But then comes this statement:  "Even at the height of the Cold War no one thought of banning Russian literature, art or music."  Really?  No one got an FBI file opened for evincing an interest in Dostoevsky or Shostakovich or even chess?  If you defected and you weren't Lee Harvey Oswald, good luck getting back into this country, much less getting the State Department to advance plane fare for you and your Russian wife.  Relax, I'm not going down that rabbit hole.  I'm just saying the paranoia was wicked bad, especially in the early 1950s.  They just didn't call it "canceling."

Get ready for the great bio-weapon convergence.  BA.2, son of Omicron, is spiking all over Europe and elsewhere, and while it's less severe in the US than previous versions, reports from Hong Kong are more dire.  At the same time, propaganda about non-existent Ukrainian bio-weapons from US-built labs gets tossed between the Kremlin and Fox News like an ever-expanding volleyball.  If lockdowns and mask mandates return, I confidently predict the Usual Gang will blame it on Zelensky and Fauci with Biden and Soros as enablers.  When is Trump's next Two Hours' Hate?

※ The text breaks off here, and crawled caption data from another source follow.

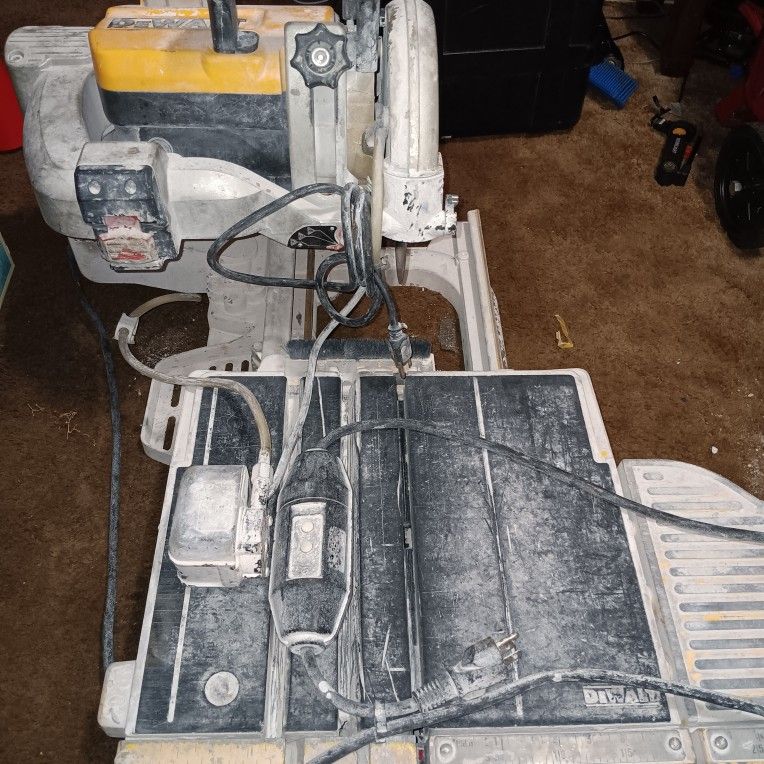 Dewalt 10in Tile Saw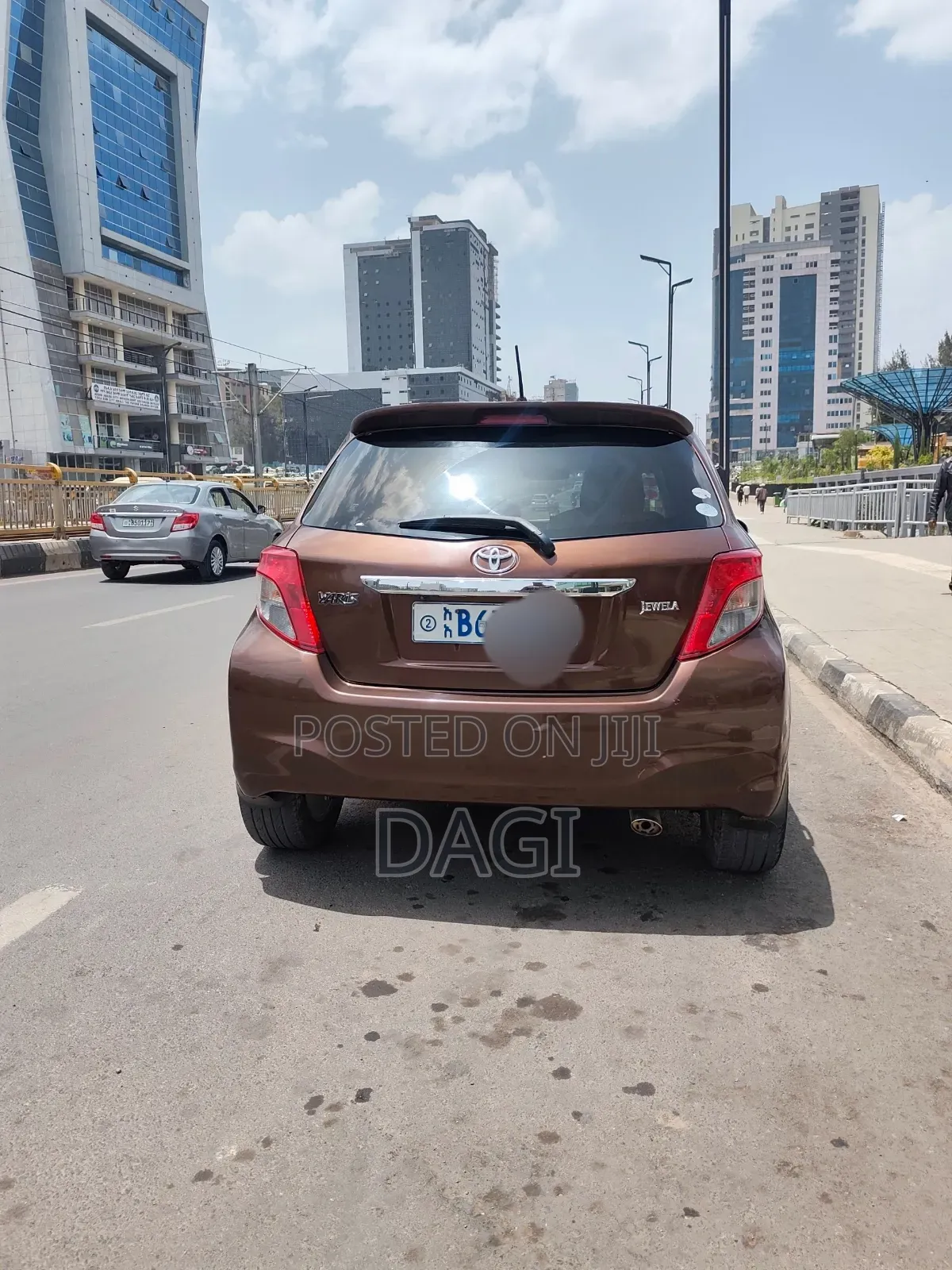 Toyota Yaris Base Hatchback 3dr 2011 Brown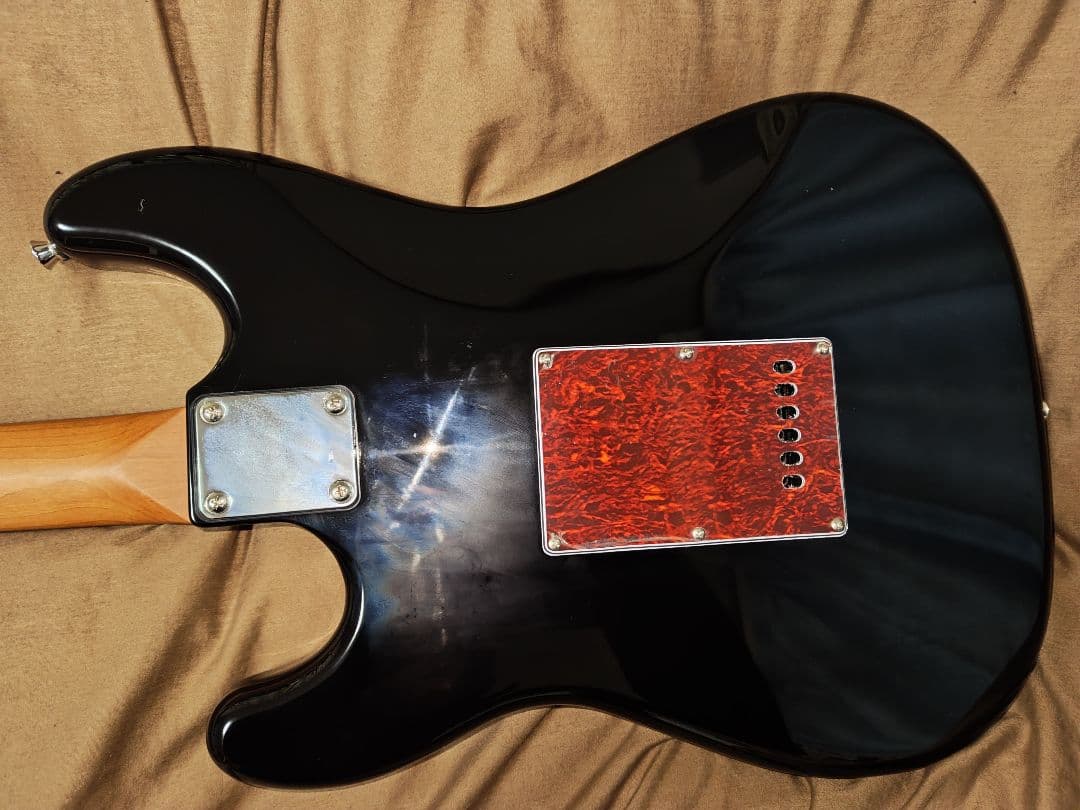 島村楽器WEB限定販売Eris. Nestia ストラトタイプべっ甲ブラック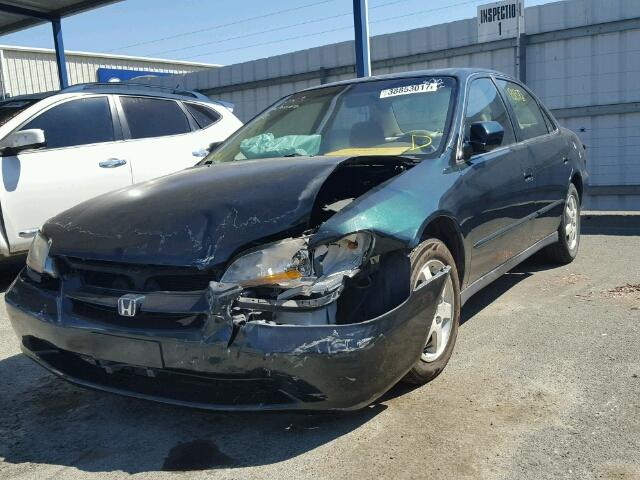 JHMCG5678YC012674 - 2000 HONDA ACCORD SE GREEN photo 2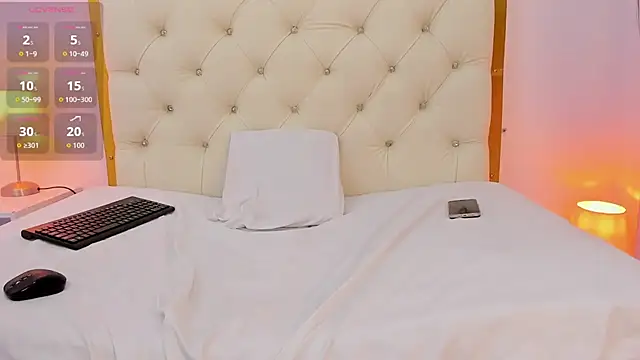 Lia_Latte 即時 XXX 聊天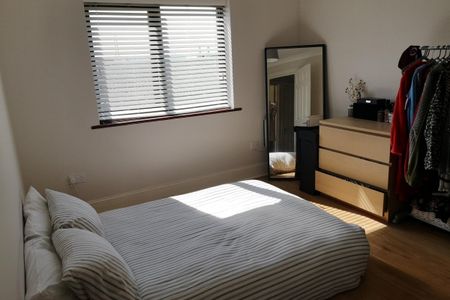 Capstan House - Photo 2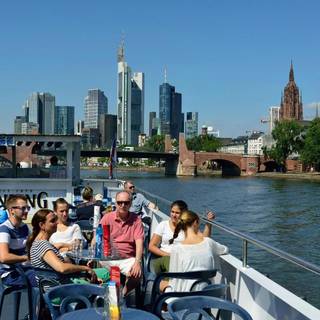 Frankfurt: 1-Hour Panorama Boat Cruise on the rive — 3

Meanwhile bird flu is turning up in Iowa.  It has already hit the UK, where chickens are kept indoors and free range eggs are no longer available.  The horror.

Russian TV has a new star, Madison Cawthorn.  They love his "Zelensky is a thug" monologue and play it constantly.  But not his vacation selfies at Berchtesgaden, which kind of undercut their claim to be fighting Nazism in Ukraine.  Even Kevin McCarthy eventually criticized the Mad bummer.

As states like Florida and Texas grow ever more vicious in their treatment of women and transgender youth, California proposes to offer sanctuary to the wretched refuse of their teeming shores.  It even wants to crack down on assault weapons.  Too bad housing there is so expensive.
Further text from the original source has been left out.